半藤一利と宮崎駿の「腰ぬけ愛国談義」

8/3に放映された『SWITCHインタビュー 達人達(たち) 宮崎駿×半藤一利』と一部内容が被ってるんですが、軽めの内容でサクサク読めました。
半藤一利氏と言えば、文藝春秋編集者時代に大宅壮一名義で発表された『日本のいちばん長い日』の著者である事や、親交の深かった司馬遼太郎氏との対談を真っ先に思い出すんですが、半藤氏の義祖父が夏目漱石である事*1、宮崎氏が大の漱石好きで、漱石話に結構な枚数を割いています。以下、映画『風立ちぬ』に関する所を少しばかり紹介しますね。

(半藤):聞く所によると、宮崎さんご一家は、昭和19年(1944)に東京文京区から栃木県鹿沼に疎開されたと。お父さんがお兄さんと一緒に「宮崎航空機」という会社を経営なさっていたとか。
(宮崎):叔父が社長で親父が工場長でした。飛行機工場と言っても、零戦の風防と夜間戦闘機「月光」の、翼の先の組み立てだけをやっていた、まあそんな程度の工場なんです。ですから飛行機工場というほどの大それたものじゃなく、町工場の延長です。熟練工はみんな兵隊にとられていて、未熟な人たちを集めてやっていますから、難しいことなどできるはずないんです。
(半藤):作った部品の納入先というか、いわゆる元請け会社は中島飛行機ですか
(宮崎):そうです。父に言わせると、当時は工員さんが1500人いて……中略……でもきっと「1500人にしようと思った所で戦争が終わった」というようなあたりが、本当の所だと思います。大体親父はそういうタチですから。僕は親父の自慢話をあまり真に受けてません。

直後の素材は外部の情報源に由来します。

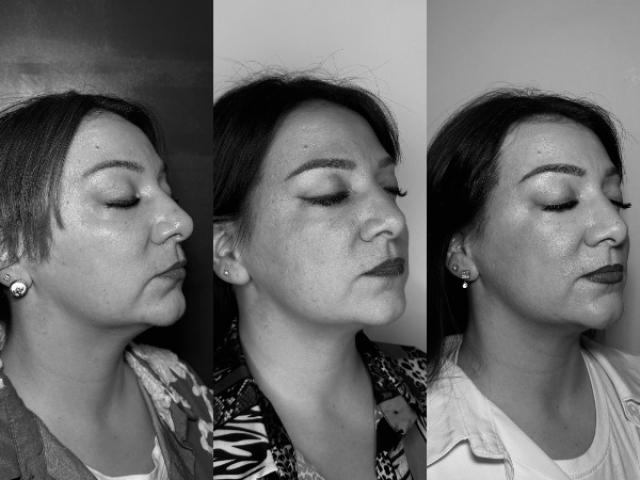 AVANT/APRÈS lifting hifu du bas du visage - résultats après 8 mois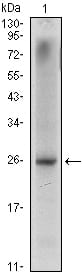Mouse Monoclonal Antibody to NKX3A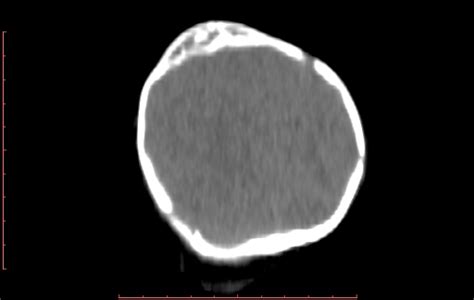 Calcified Cephalohematoma Image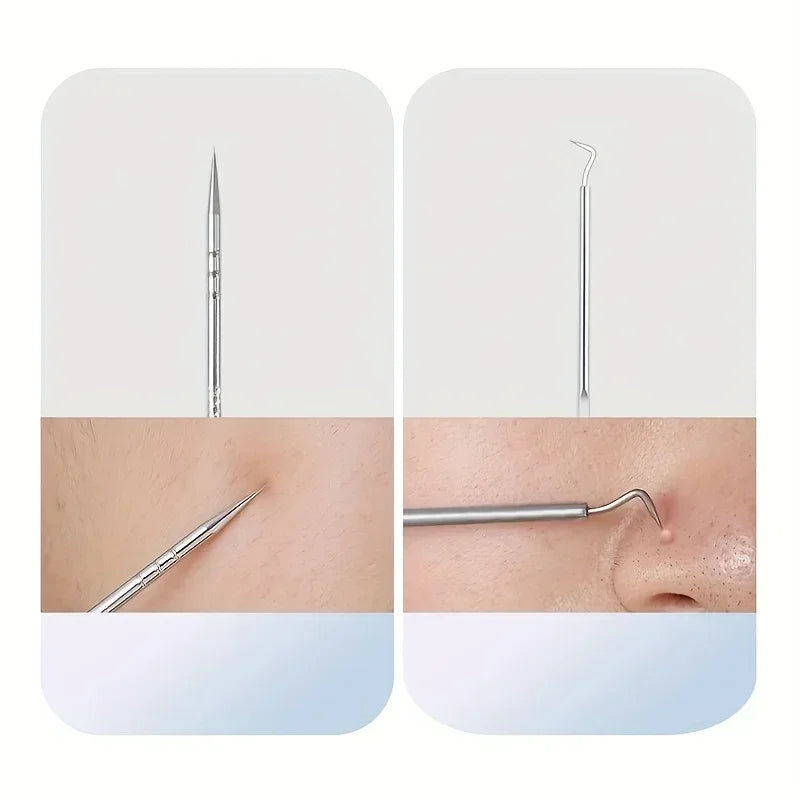 Stainless Steel Skin Care Tool Set – Blackhead & Pimple Remover Kit (4, 7 or 8 Piece)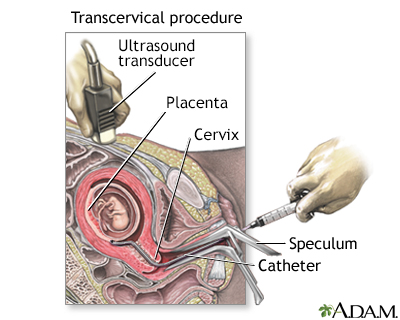 Chorionic Villus Sampling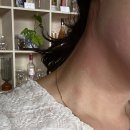 글로벌튼튼병원 | [대전 알레르기 검사 후기] 글로벌튼튼병원- mast 알레르기검사 💊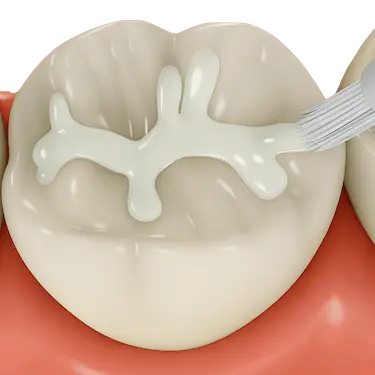 Aplicación de sellador dental sobre una muela para prevenir caries en fosas y fisuras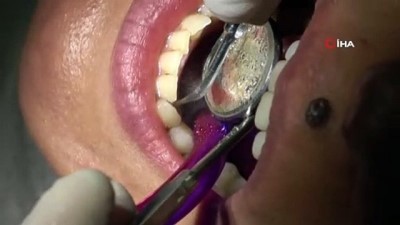sosyal medya -  Dişleri beyazlatmada sosyal medya önerileri sağlığınıza zarar verebilir Videosu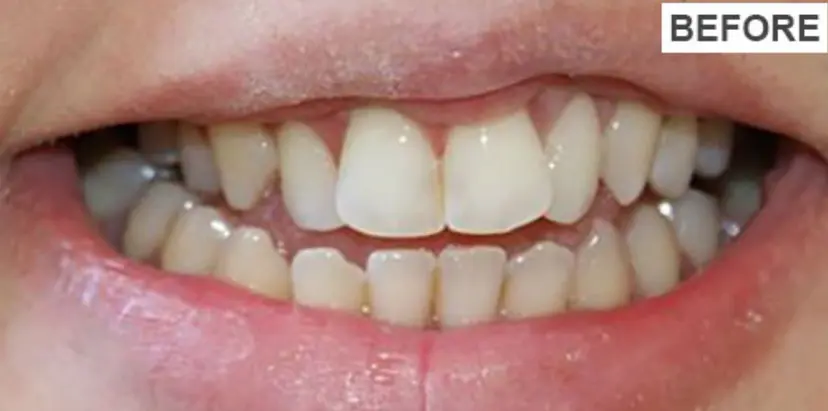Before teeth whitening treatment showing yellow and stained teeth at Gupta Dental Panchkula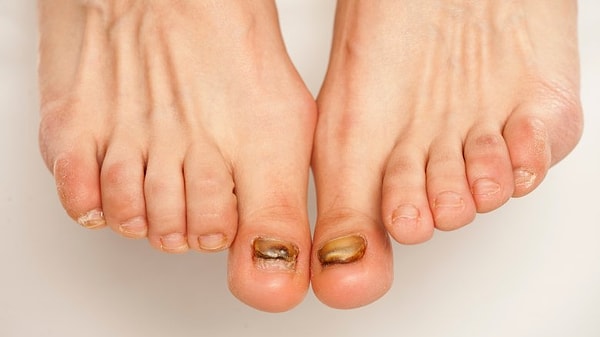 4. Уменьшится риск грибковых заболеваний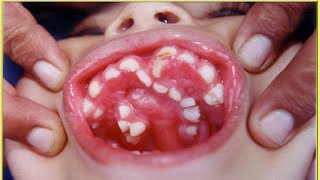 Top 10 Dangerous Dental Diseases You Wont Believe Really Exists [upl. by Yarised376]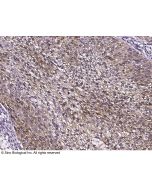 Anti-GGCT Antibody, Rabbit Polyclonal sinobiological 14366-T60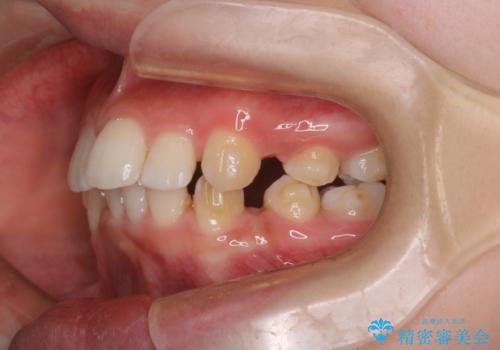 重度の歯のがたつきを、目立たない矯正と抜歯で根本改善の治療中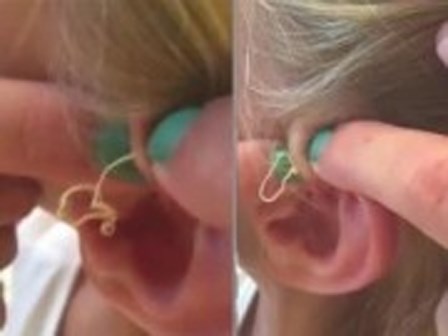 Hãi hùng pha nặn mụn bọc, nhân mụn bắn ra như sợi mỳ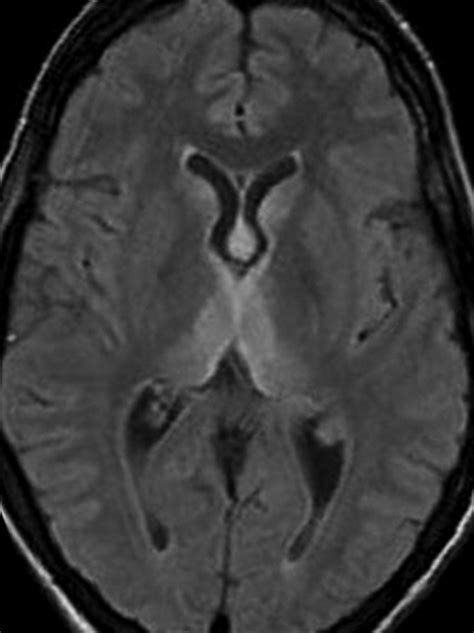 Bilateral Thalamic Lesions AJR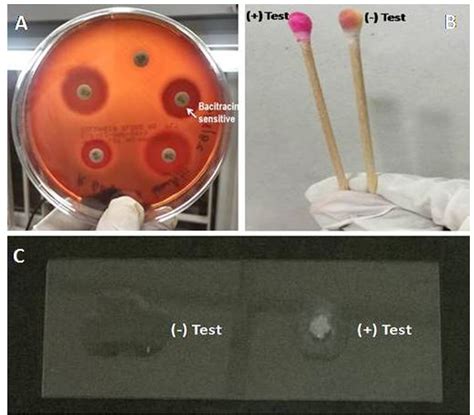 Bacitracin Test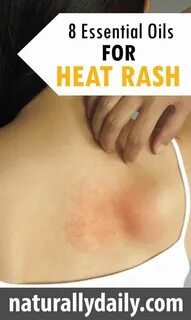 7 Best Essential Oils for Heat Rash: Causes & Remedies Heat rash, Best ...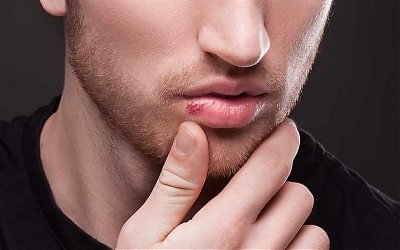 Cara Praktis Mencegah Keringnya Bibir Saat Berpuasa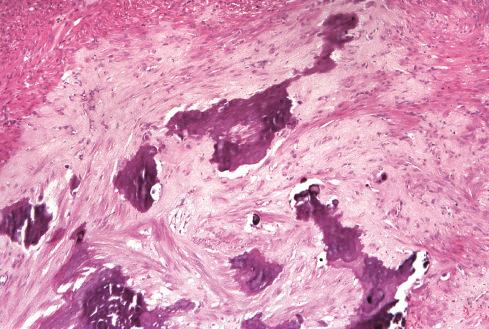 Fig. 15.12, Somatic leiomyoma of soft tissue with calcification.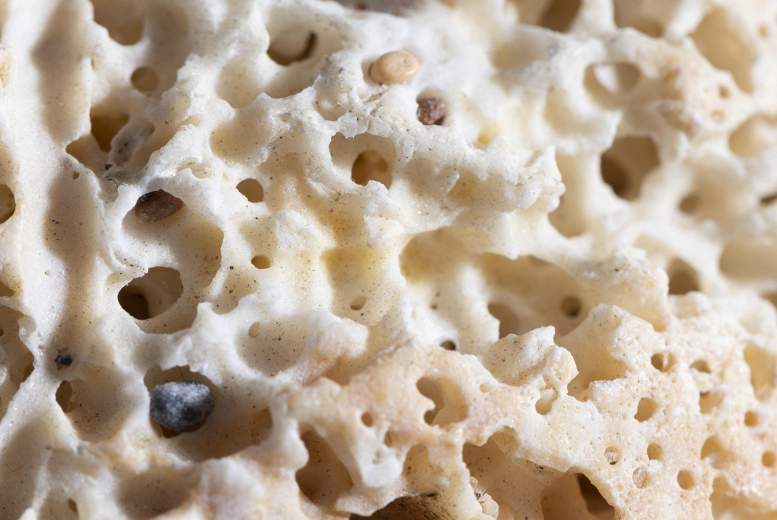 Sekundārās osteoporozes iemesli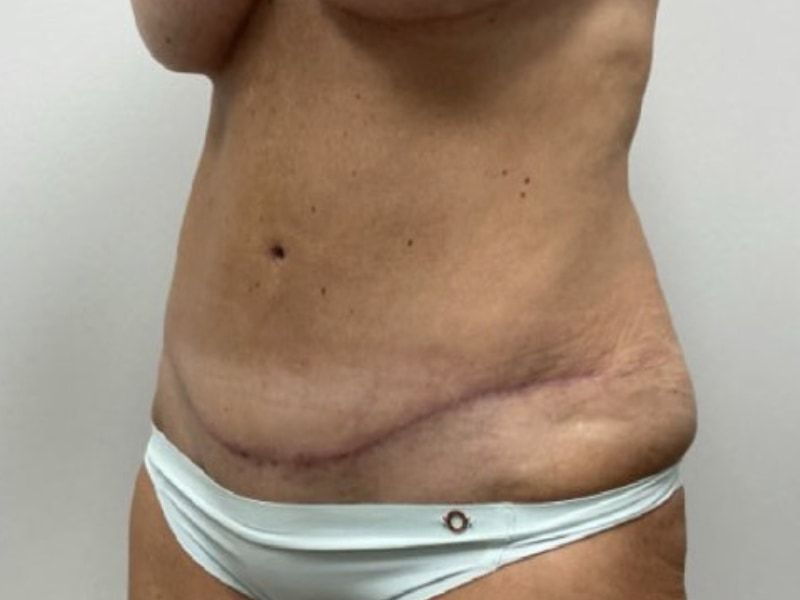Abdominoplasty Before & After Image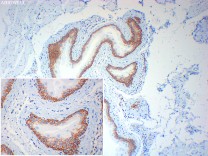 Integrin alpha 2 Recombinant Rabbit  Monoclonal Antibody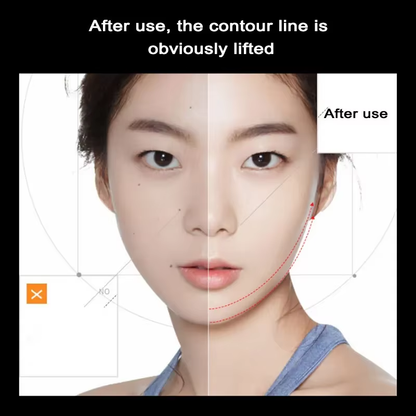 LumaSkin™ Ultrasonic Pore Scrubber & Blackhead Remover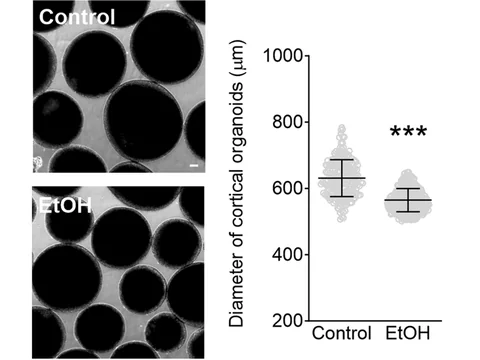 Microscope images of human cortical organoids, control above and ethanol-exposed below, beside a dot plot of organoid diameter in micrometers in which the ethanol group is lower.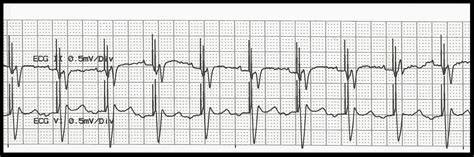 Float Nurse Various Biventricular Paced Rhythms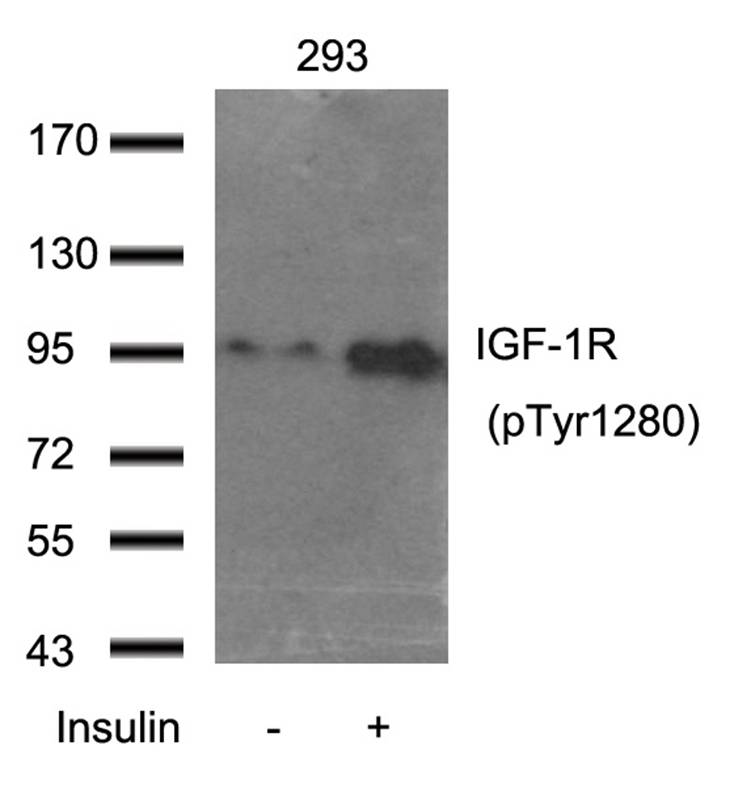 IGF-1R(Phospho-Tyr1280)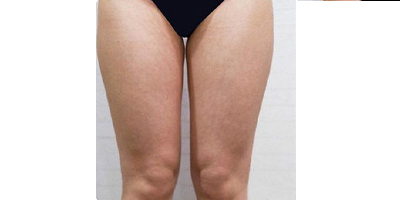 超聲溶脂瘦大腿術(shù)前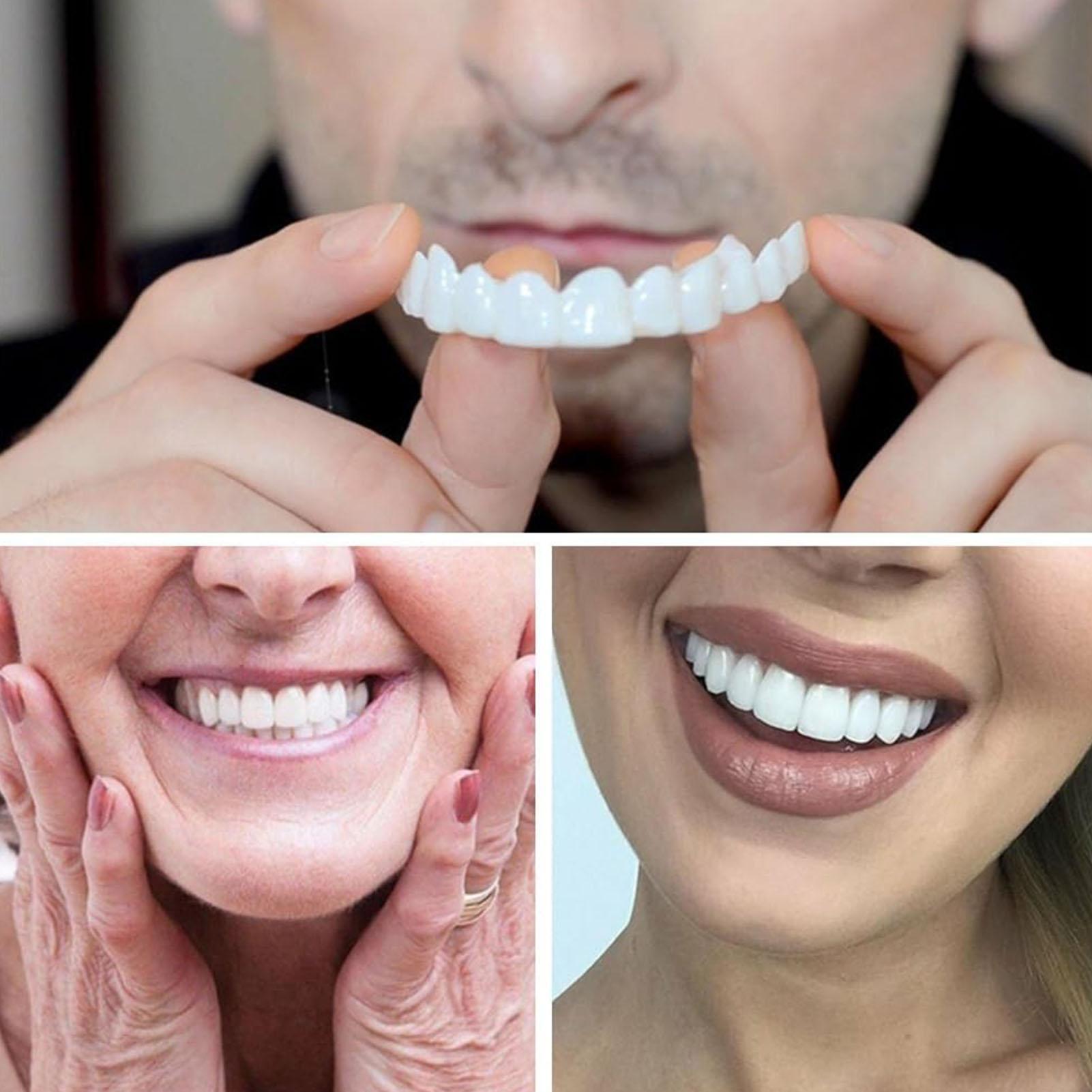 วีเนียร์ฟันแบบใหม่สำหรับคนขี้อ - Teeth Whitening For Photos บทวิจารณ์และราคา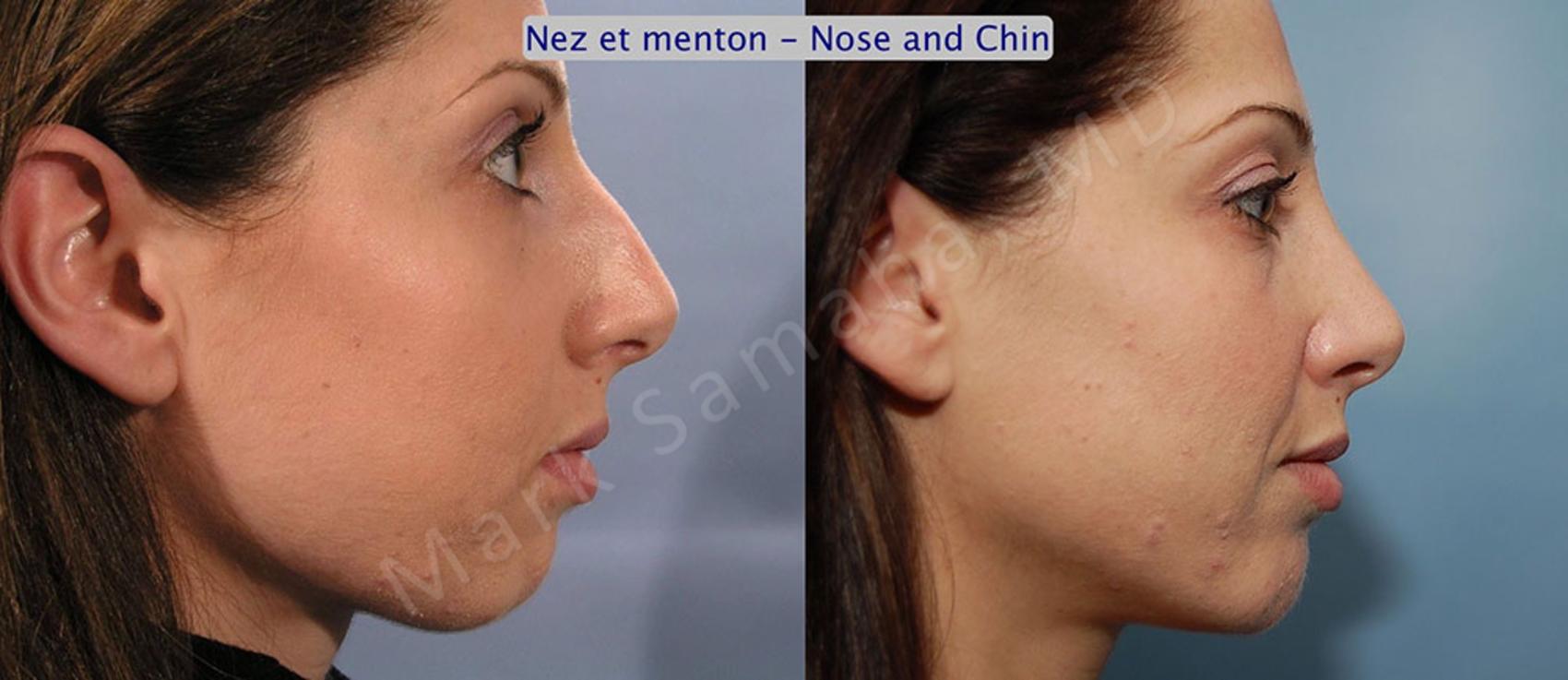 Before & After Augmentation du menton / Chin Augmentation Case 13 View #1 #Detail2 View in Montreal, QC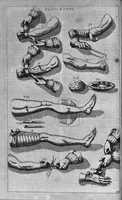 Picture 25 of 41 from Cheiroplotheke, seu... Armamentarium chirurgicum XLIII tabulis... exornatum. Opus posthumum... (1655), leaf 67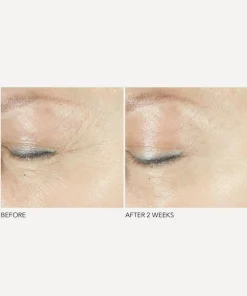 Dr. Dennis Gross Skincare Skin Concern|Facial Serums & Oils^Advanced Retinol + Ferulic Triple Correction Eye Serum 15ml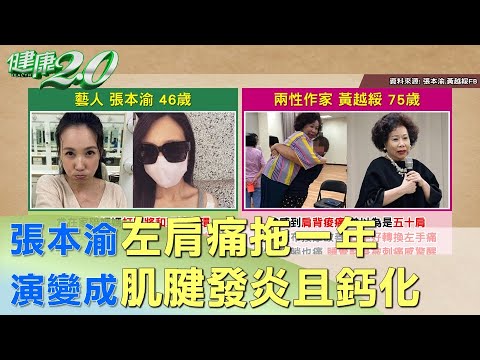 張本渝左肩痛拖一年 演變成肌腱發炎且鈣化 健康2.0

(宮崎):堀越二郎が昭和9年に試作した「九試単座戦闘機」、それが後の96式艦戦になりました。ずいぶん形が変わるのですが、96式艦戦、これは綺麗ですね。ぼくはこれが一番綺麗に違いないと思っています。

(宮崎):ユンカース社の場面は、堀越の何年か後に行った人の記録が残っていて、それを読むと、日本から来た技術者が本当にひどい扱いをされた事が分かります。まずもって工場の中は見せてもらえない。……中略……それが日独伊三国同盟(昭和15年締結)後の戦争中の話ですからね。ユンカースはつまり技術を隠した。
(半藤):堀越さんがドイツに行ったのは何年ですか
(宮崎):昭和4年から5年にかけてです。

(宮崎):少年時代の堀越二郎の夢に出てくる草原は、空想の世界の草原です。でも、終わりの草原は現実で、「あれはノモンハンのホロンバイル草原だよ」ってスタッフに言っていたのですけれども。
僕は行った事もありませんし、大体今の人はそんな地名さえ知りませんね。僕の想像で書いたホロンバイルですが

半藤氏のバルチック艦隊のお話とか、宮崎氏が零戦を描きたくなかった理由(これがもう、おかしいんです)源田実氏についてもう少し触れて欲しかったりもしましたが、まぁ無理でしょうね。。